BEGIN Data below

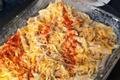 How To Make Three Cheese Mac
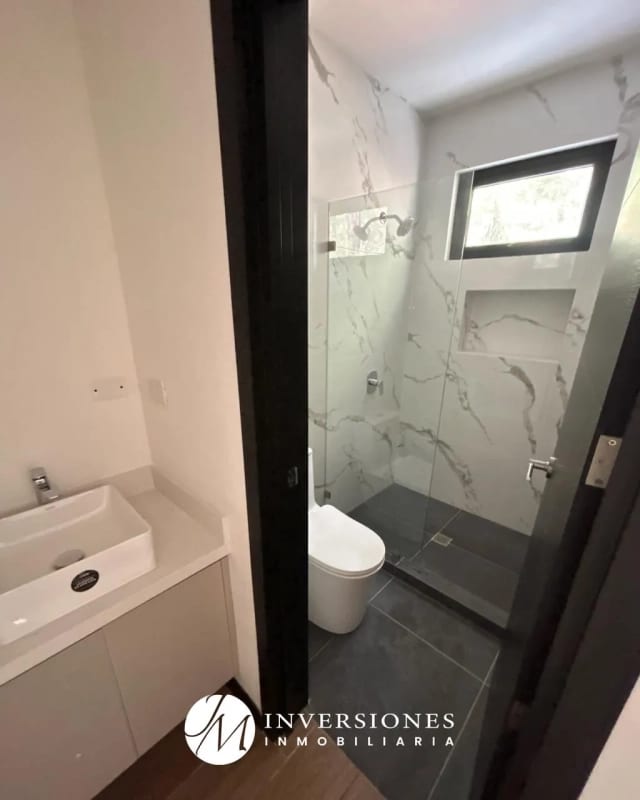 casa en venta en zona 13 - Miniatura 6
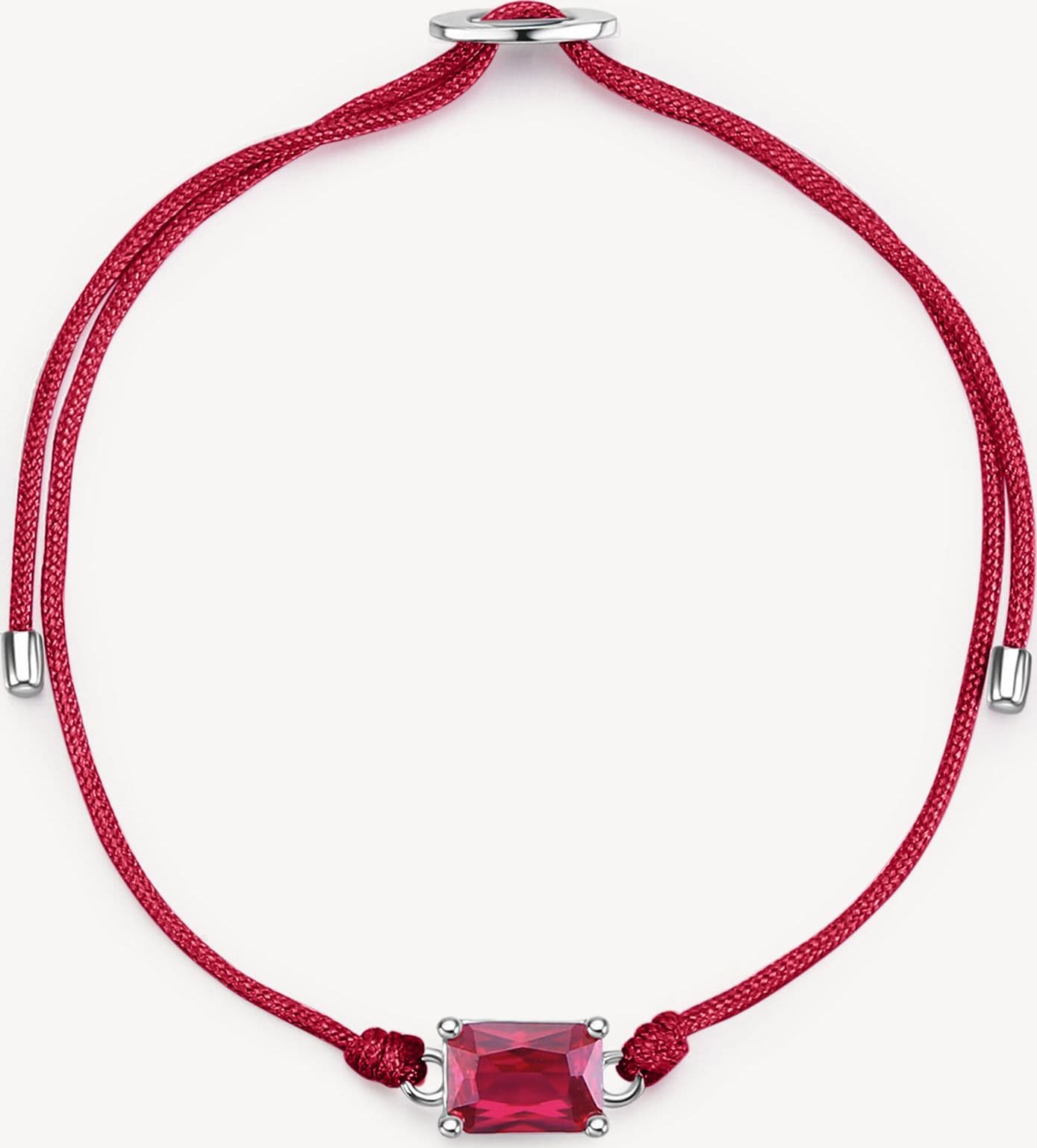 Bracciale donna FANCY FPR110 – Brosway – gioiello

END Data below

I would like the material repeated in full and exactly, with its images omitted.

 How To Make Three Cheese Mac
 casa en venta en zona 13 - Miniatura 6
 Bracciale donna FANCY FPR110 – Brosway – gioiello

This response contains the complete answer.